Açık şu anÇok sayıda başka ilaç var, ancak çoğunlukla ya kullanım için kontrendikasyonları var ya da uzun süre kullanılamıyorlar, bu da immünomodülatör Transfer faktörü hakkında söylenemez. Bağışıklığı artırmaya yönelik araçlar birçok açıdan bu immünomodülatörden daha düşüktür.

Her zaman bilinmeyen nedenlerden dolayı bazen antiviral ve bulaşıcı bağışıklığın işleyişinde arızalar meydana gelir. Bu durumda doğru adım bağışıklık sistemini güçlendirmek olacaktır ancak her zaman bağışıklık sistemini güçlendirmemiz gerekmiyor.

Bağışıklığı modüle etmenin gerekli olduğunu söylemek daha doğru olur - bağışıklığın ve tüm türlerinin bir miktar optimizasyonu: antiviral ve bulaşıcı; mekanizmaları - humoral ve hücresel bağışıklık.

Diğerlerinden farklı olarak immünomodülatör Transfer faktörünü bu amaçlar için kullanmaya başlamak en iyisidir. benzer araçlar ilaç şirketlerinin bir ürünü, hatta bir bitkisel ürün değil, daha çok diğer omurgalı türlerinden (inek ve tavuk) alınan bizimkine benzer bir dizi amino asittir.

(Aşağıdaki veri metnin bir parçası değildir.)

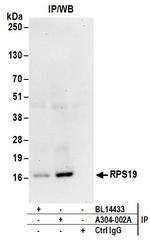 RPS19 Antibody in Immunoprecipitation (IP)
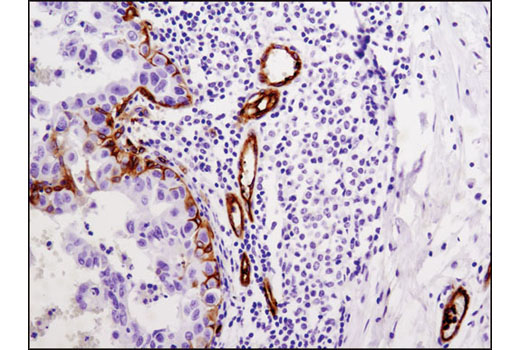 Immunohistochemistry Image 1: Integrin β3 (D7X3P) XP® Rabbit mAb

Ne zaman kullan karmaşık tedavi herhangi bir hastalık: ister bağışıklık ister otoimmün bir hastalık olsun; Rehabilitasyon sürecini hızlandırır ve tedavi süresince olumlu dinamikler yaratır, rahatlatır. yan etkiler ilaçlar, bağışıklık sistemini geri yükler.

Çoğunluk modern insanlar Vücudun bağışıklık sisteminin varlığını ve dış ve dış etkenlerden kaynaklanan her türlü patolojinin ortaya çıkmasını engellediğini duymuştuk. iç faktörler. Herkes bu sistemin nasıl çalıştığını ve koruyucu fonksiyonlarının neye bağlı olduğunu cevaplayamaz. Birçoğumuz bir değil iki bağışıklığa sahip olduğumuzu öğrendiğinde şaşıracak: hücresel ve sıvısal. Ayrıca bağışıklık, aktif ve pasif, doğuştan ve edinilmiş, spesifik ve spesifik olmayan olabilir. Aralarındaki farkın ne olduğuna bakalım.

Bağışıklık kavramı

İnanılmaz bir şekilde, nükleer öncesi prokaryotlar ve ökaryotlar gibi en basit organizmalar bile virüslerin neden olduğu enfeksiyonlardan korunmalarını sağlayan bir savunma sistemine sahiptir. Bu amaçla özel enzimler ve toksinler üretirler. Bu aynı zamanda en temel haliyle bir tür bağışıklıktır. Daha yüksek düzeyde organize olmuş organizmalarda savunma sistemi çok düzeyli bir organizasyona sahiptir.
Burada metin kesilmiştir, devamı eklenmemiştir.